== Segment start ==

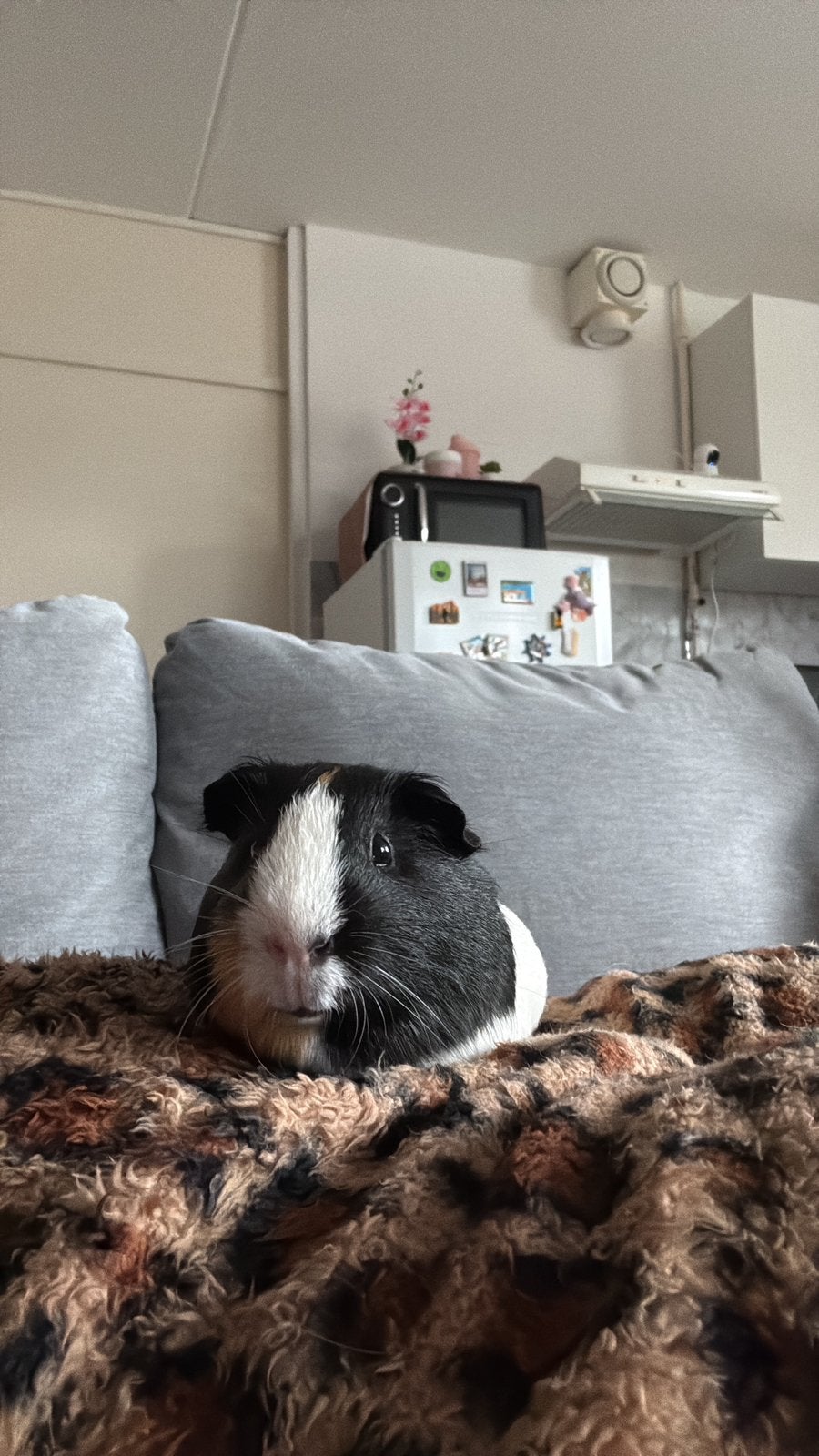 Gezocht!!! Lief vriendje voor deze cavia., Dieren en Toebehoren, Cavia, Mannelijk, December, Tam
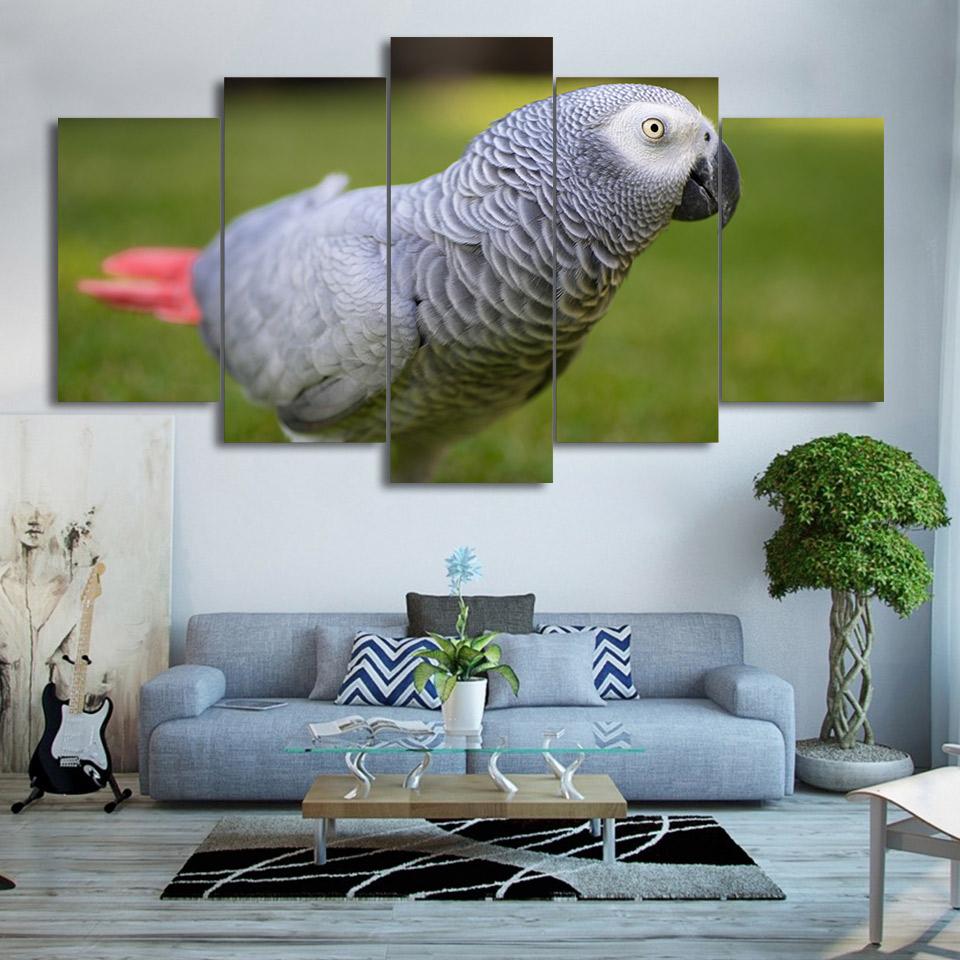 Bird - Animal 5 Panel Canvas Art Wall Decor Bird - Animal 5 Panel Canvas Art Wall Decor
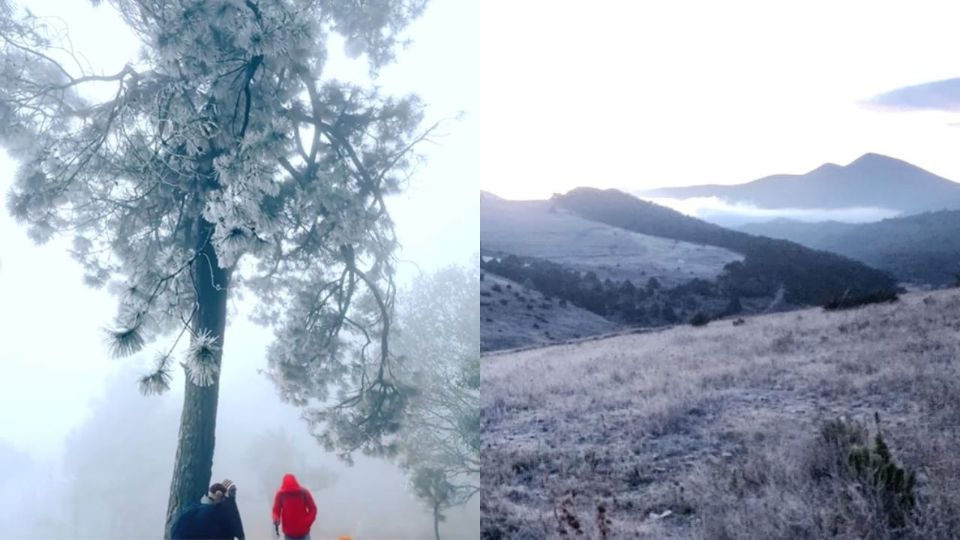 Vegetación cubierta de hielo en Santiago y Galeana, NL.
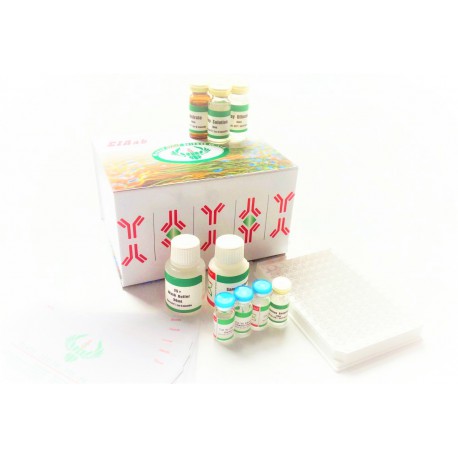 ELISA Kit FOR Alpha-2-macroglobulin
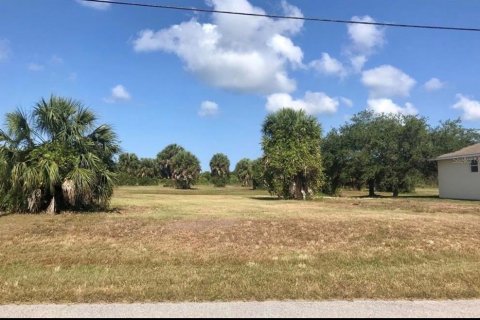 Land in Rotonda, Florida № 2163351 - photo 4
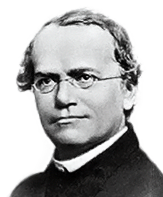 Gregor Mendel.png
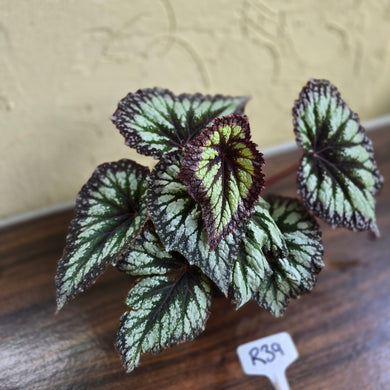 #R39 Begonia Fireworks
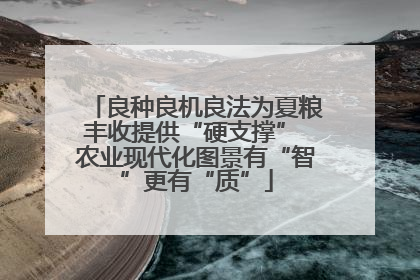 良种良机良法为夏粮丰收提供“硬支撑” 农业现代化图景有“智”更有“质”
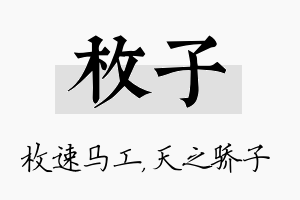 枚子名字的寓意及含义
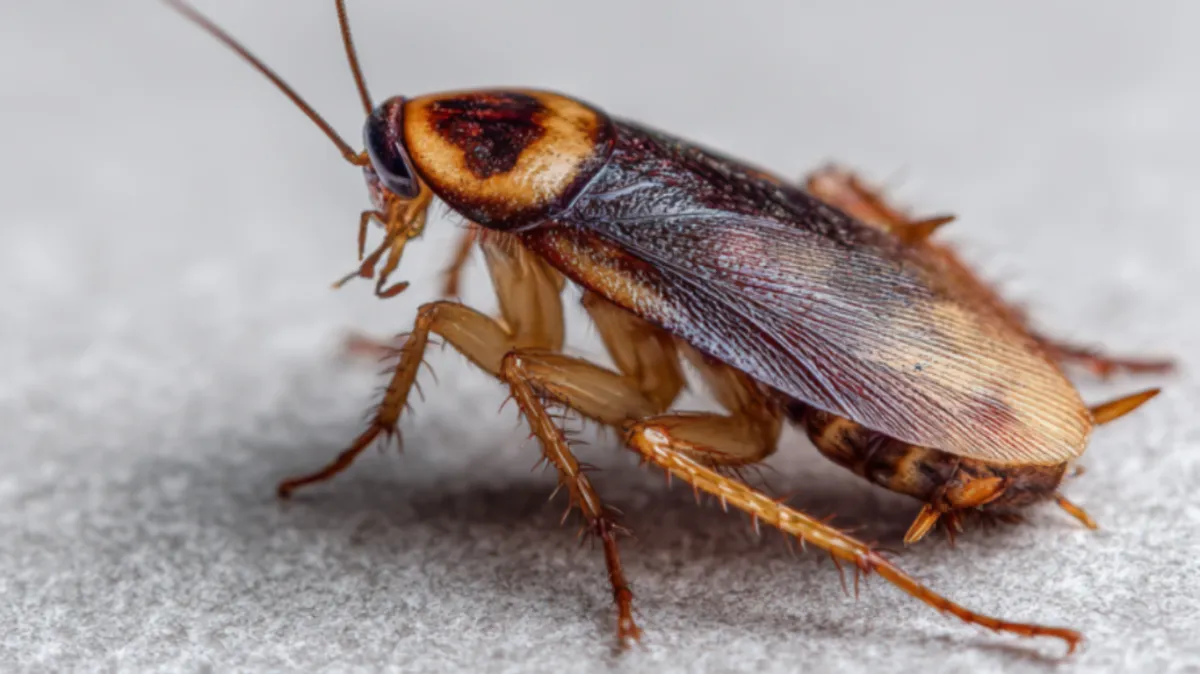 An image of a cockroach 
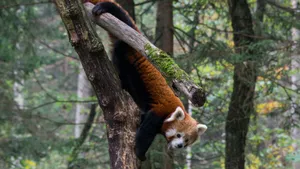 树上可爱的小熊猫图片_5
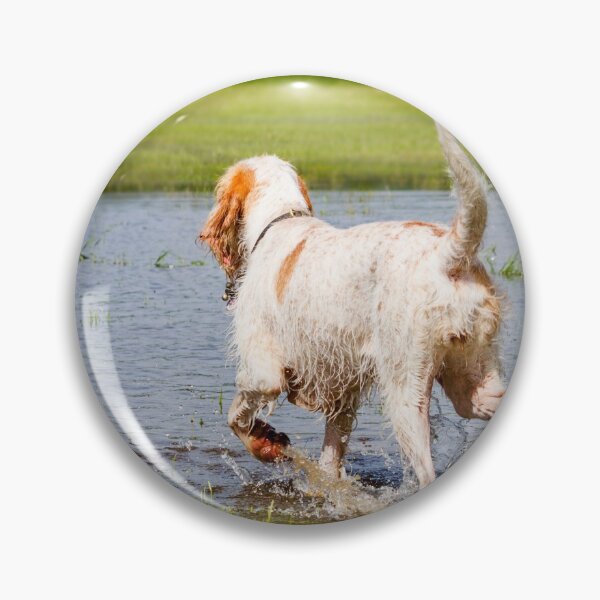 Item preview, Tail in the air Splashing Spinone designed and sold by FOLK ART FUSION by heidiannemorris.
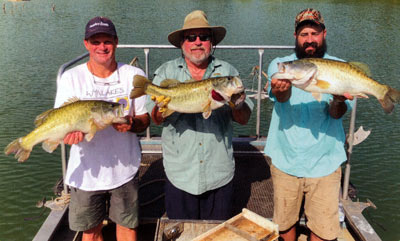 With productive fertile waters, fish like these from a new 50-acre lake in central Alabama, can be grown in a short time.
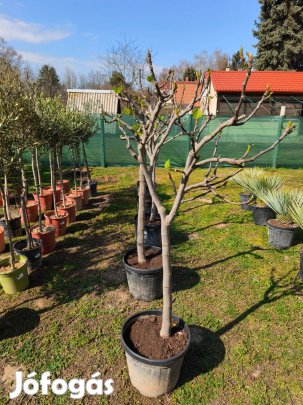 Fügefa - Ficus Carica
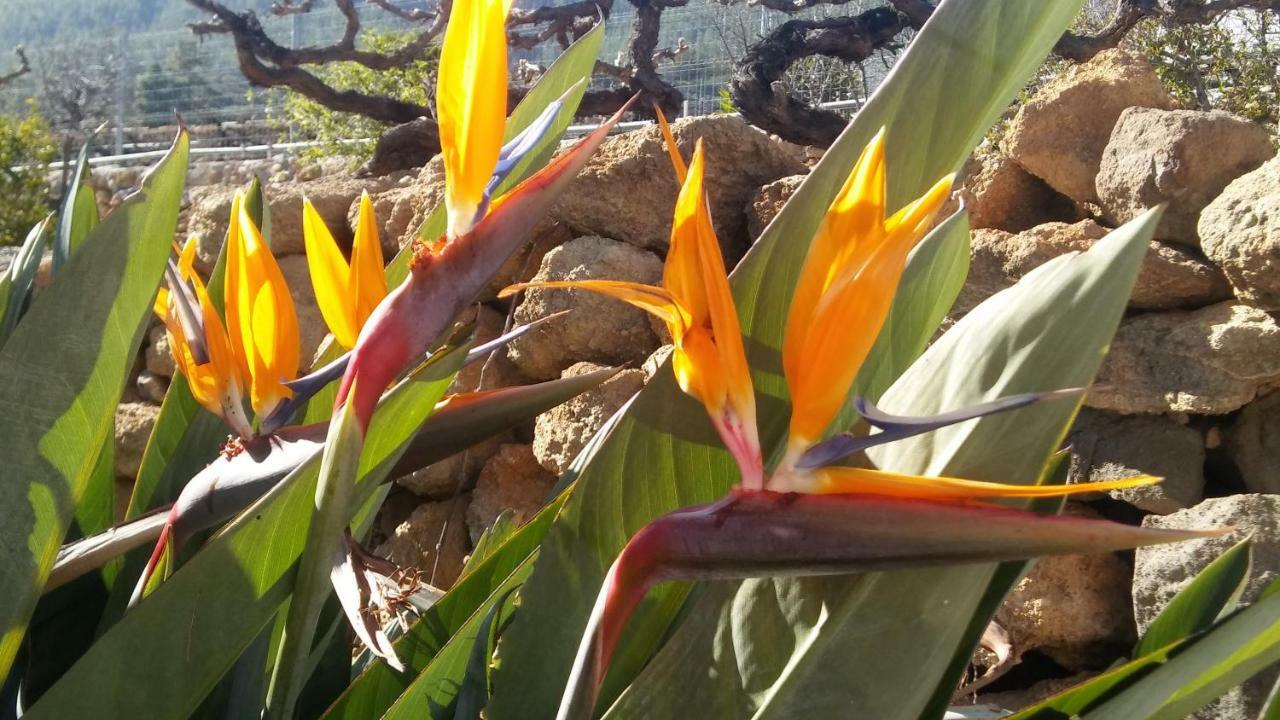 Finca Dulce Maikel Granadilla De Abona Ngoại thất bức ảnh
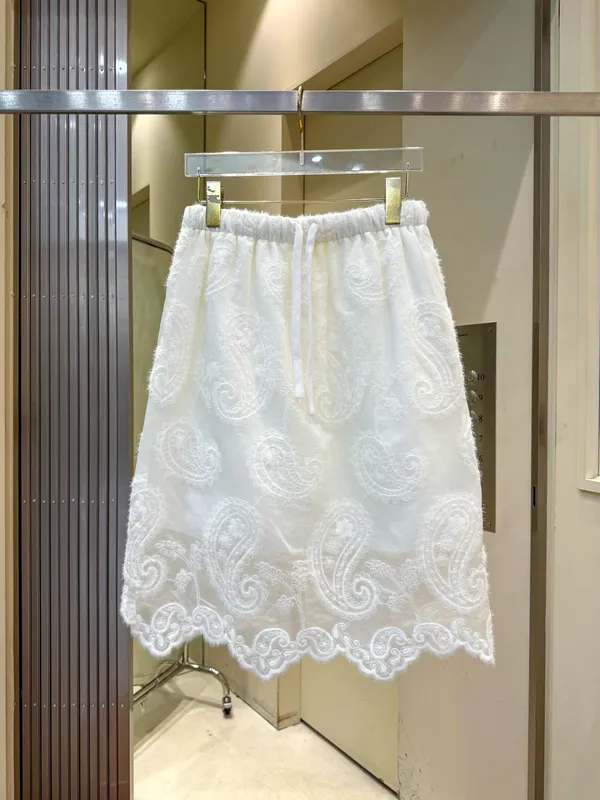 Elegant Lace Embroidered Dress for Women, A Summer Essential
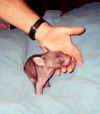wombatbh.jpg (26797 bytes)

== Segment end ==

*Task to carry out:*
A word-for-word copy of the entries is needed, with no pictures in it.

*Solution to this problem:*
 Gezocht!!! Lief vriendje voor deze cavia., Dieren en Toebehoren, Cavia, Mannelijk, December, Tam
 Bird - Animal 5 Panel Canvas Art Wall Decor Bird - Animal 5 Panel Canvas Art Wall Decor
 Vegetación cubierta de hielo en Santiago y Galeana, NL.
 ELISA Kit FOR Alpha-2-macroglobulin
 Land in Rotonda, Florida № 2163351 - photo 4
 Gregor Mendel.png
 #R39 Begonia Fireworks
 良种良机良法为夏粮丰收提供“硬支撑” 农业现代化图景有“智”更有“质”
 枚子名字的寓意及含义
 An image of a cockroach 
 树上可爱的小熊猫图片_5
 Item preview, Tail in the air Splashing Spinone designed and sold by FOLK ART FUSION by heidiannemorris.
 With productive fertile waters, fish like these from a new 50-acre lake in central Alabama, can be grown in a short time.
 Fügefa - Ficus Carica
 Finca Dulce Maikel Granadilla De Abona Ngoại thất bức ảnh
 Elegant Lace Embroidered Dress for Women, A Summer Essential
wombatbh.jpg (26797 bytes)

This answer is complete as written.